• What this task involves:
The required answer is the data below, restated word for word with images omitted.

Records drawn from a dataset:
***

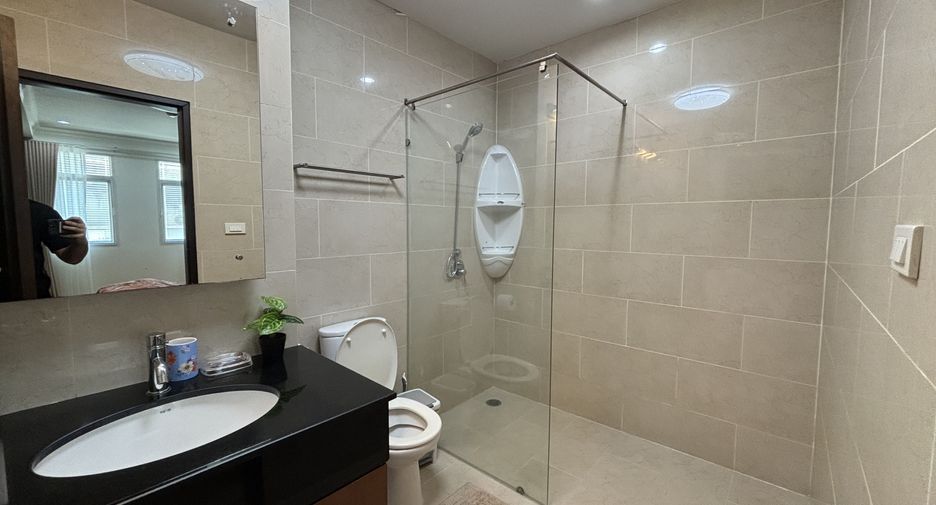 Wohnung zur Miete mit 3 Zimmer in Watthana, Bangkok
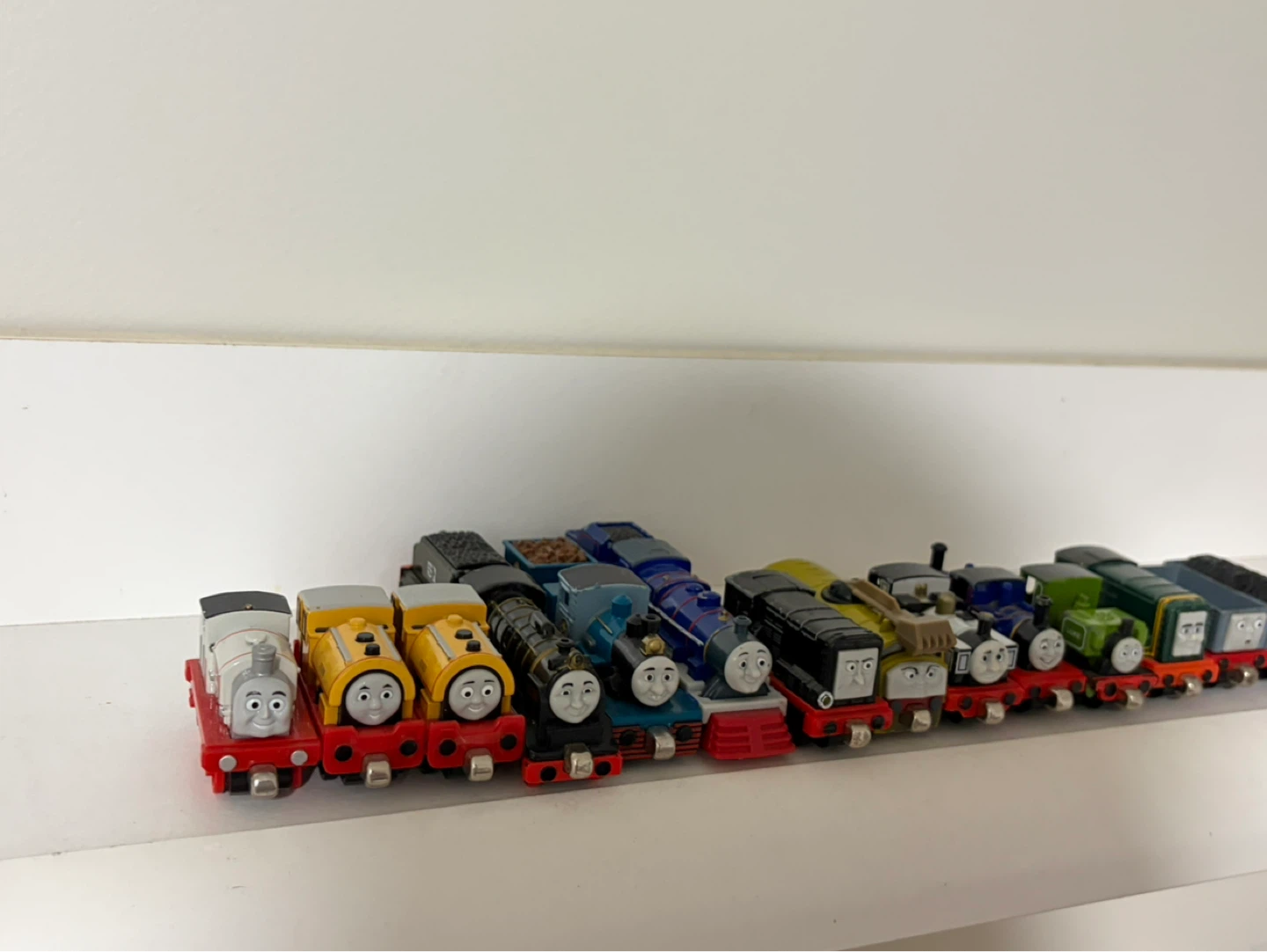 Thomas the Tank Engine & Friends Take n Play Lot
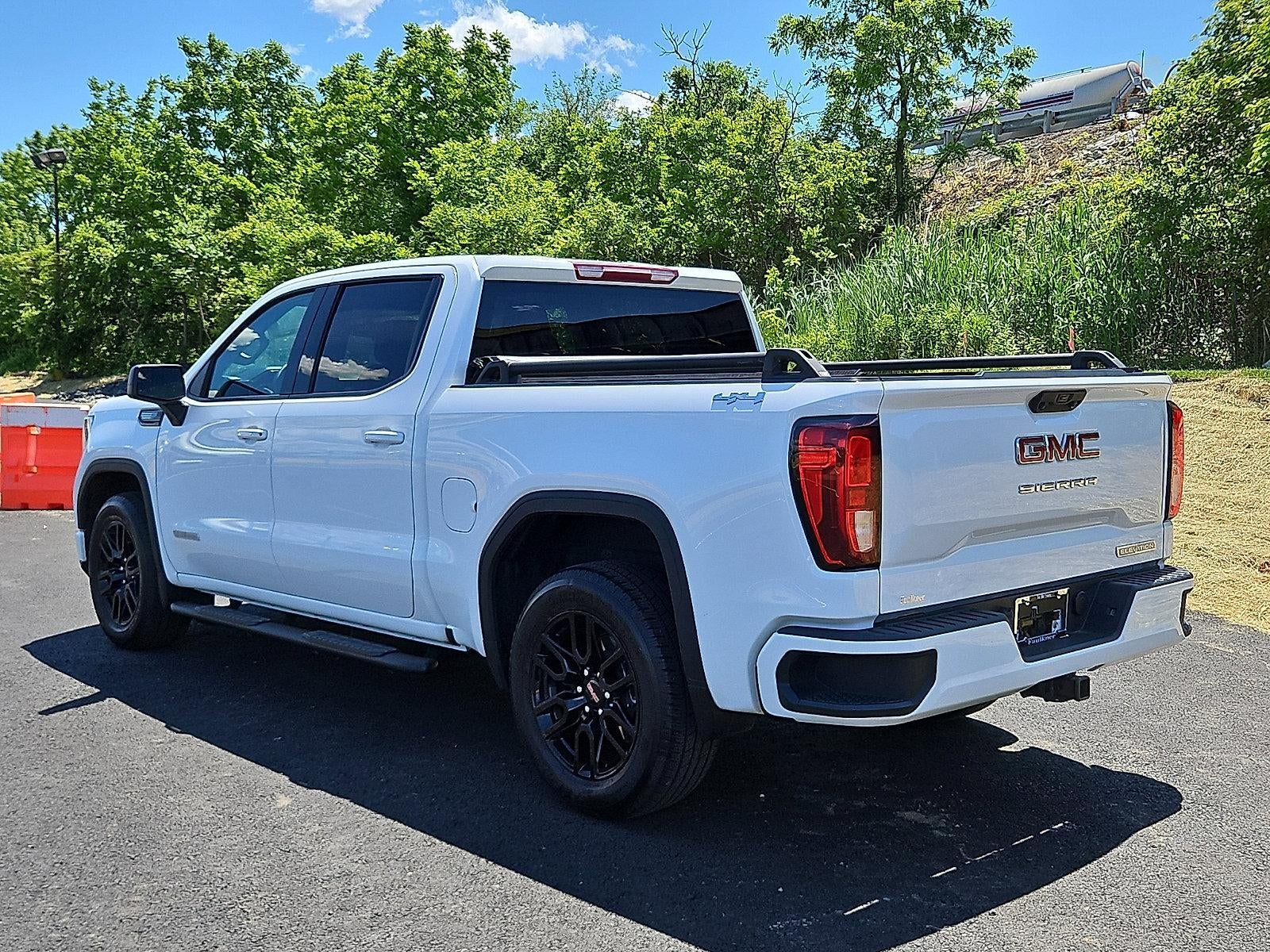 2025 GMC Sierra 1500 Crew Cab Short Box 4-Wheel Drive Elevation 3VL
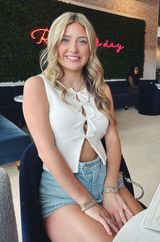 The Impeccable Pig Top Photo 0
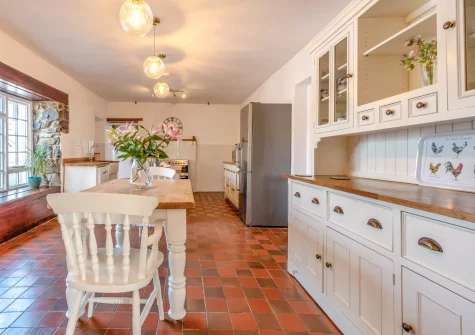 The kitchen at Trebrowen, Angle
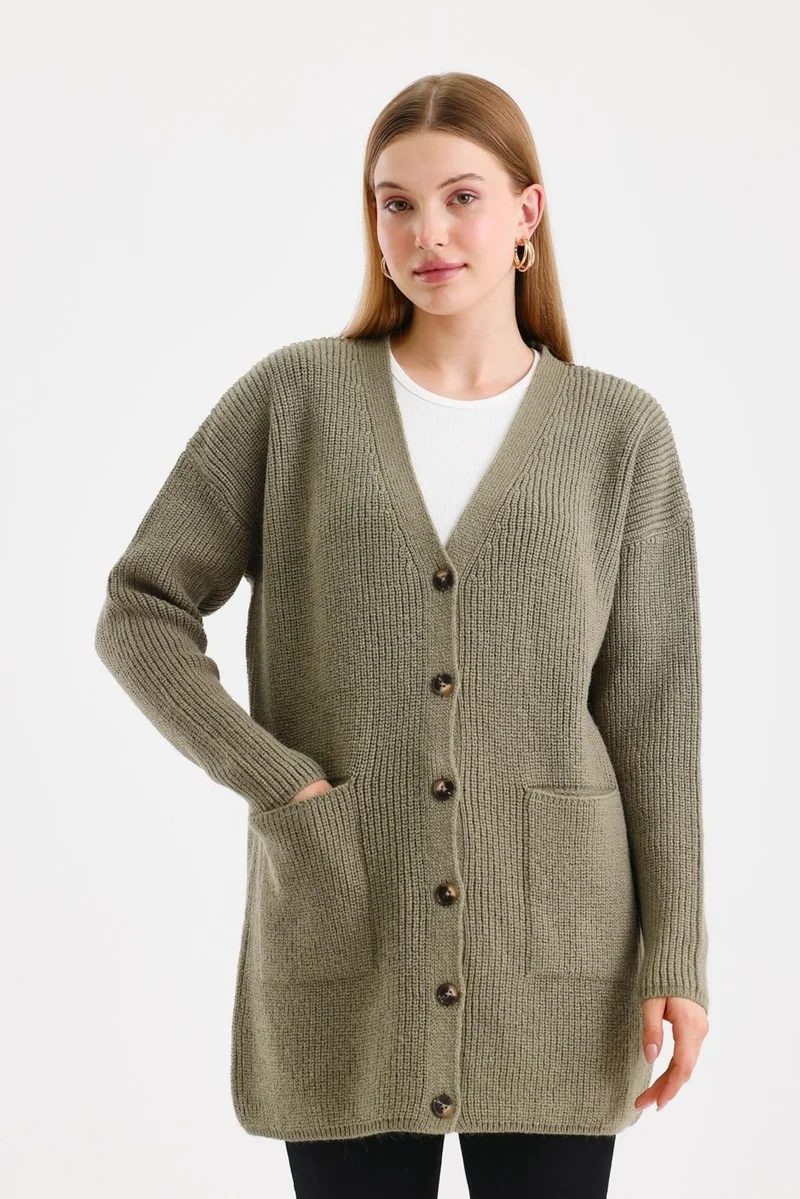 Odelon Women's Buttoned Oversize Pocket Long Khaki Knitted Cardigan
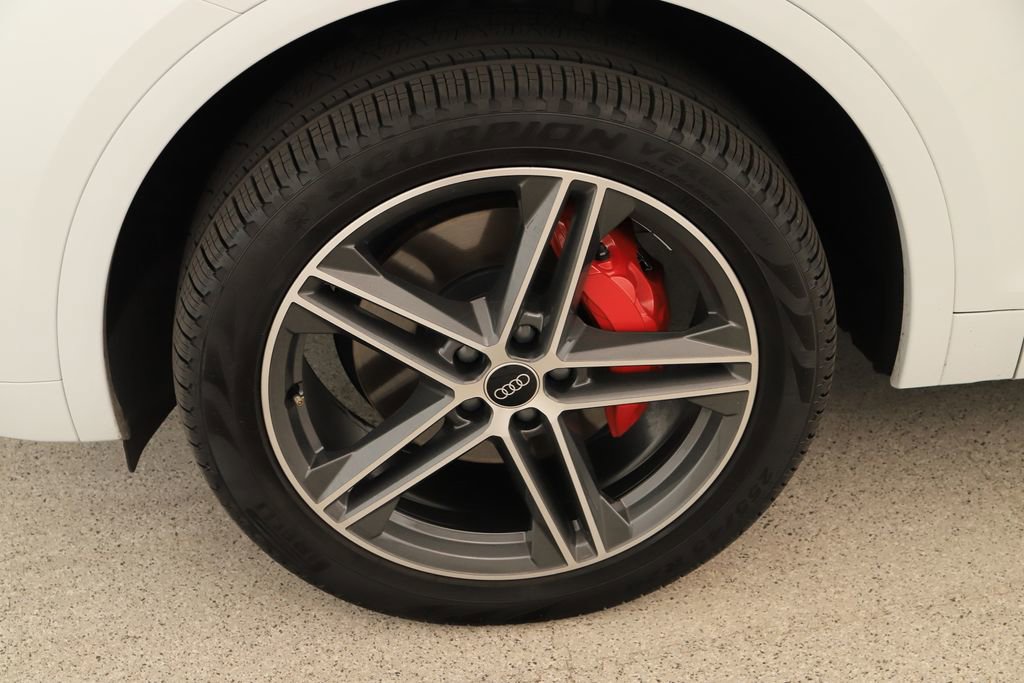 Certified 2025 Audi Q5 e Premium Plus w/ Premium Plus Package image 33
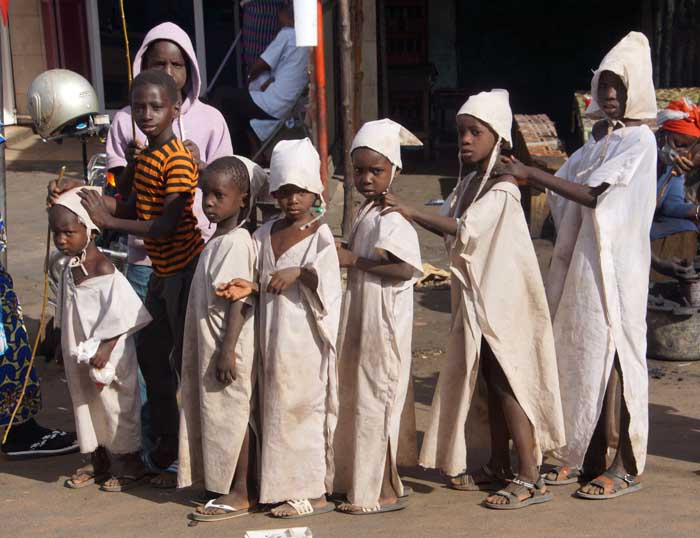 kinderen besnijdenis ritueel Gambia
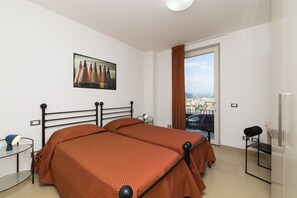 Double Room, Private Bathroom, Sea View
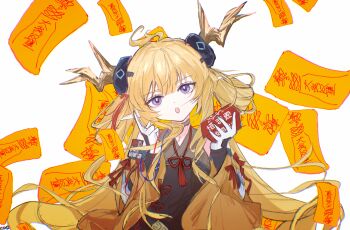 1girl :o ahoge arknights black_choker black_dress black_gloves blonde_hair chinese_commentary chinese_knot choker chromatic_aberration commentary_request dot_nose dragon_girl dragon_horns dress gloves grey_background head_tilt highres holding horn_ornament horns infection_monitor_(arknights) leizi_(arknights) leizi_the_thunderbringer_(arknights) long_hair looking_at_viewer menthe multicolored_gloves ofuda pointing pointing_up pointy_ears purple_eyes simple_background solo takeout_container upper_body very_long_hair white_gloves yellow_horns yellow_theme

***

• Answer below:
 Wohnung zur Miete mit 3 Zimmer in Watthana, Bangkok
 Thomas the Tank Engine & Friends Take n Play Lot
 2025 GMC Sierra 1500 Crew Cab Short Box 4-Wheel Drive Elevation 3VL
 The Impeccable Pig Top Photo 0
 The kitchen at Trebrowen, Angle
 Odelon Women's Buttoned Oversize Pocket Long Khaki Knitted Cardigan
 Certified 2025 Audi Q5 e Premium Plus w/ Premium Plus Package image 33
 kinderen besnijdenis ritueel Gambia
 Double Room, Private Bathroom, Sea View
 1girl :o ahoge arknights black_choker black_dress black_gloves blonde_hair chinese_commentary chinese_knot choker chromatic_aberration commentary_request dot_nose dragon_girl dragon_horns dress gloves grey_background head_tilt highres holding horn_ornament horns infection_monitor_(arknights) leizi_(arknights) leizi_the_thunderbringer_(arknights) long_hair looking_at_viewer menthe multicolored_gloves ofuda pointing pointing_up pointy_ears purple_eyes simple_background solo takeout_container upper_body very_long_hair white_gloves yellow_horns yellow_theme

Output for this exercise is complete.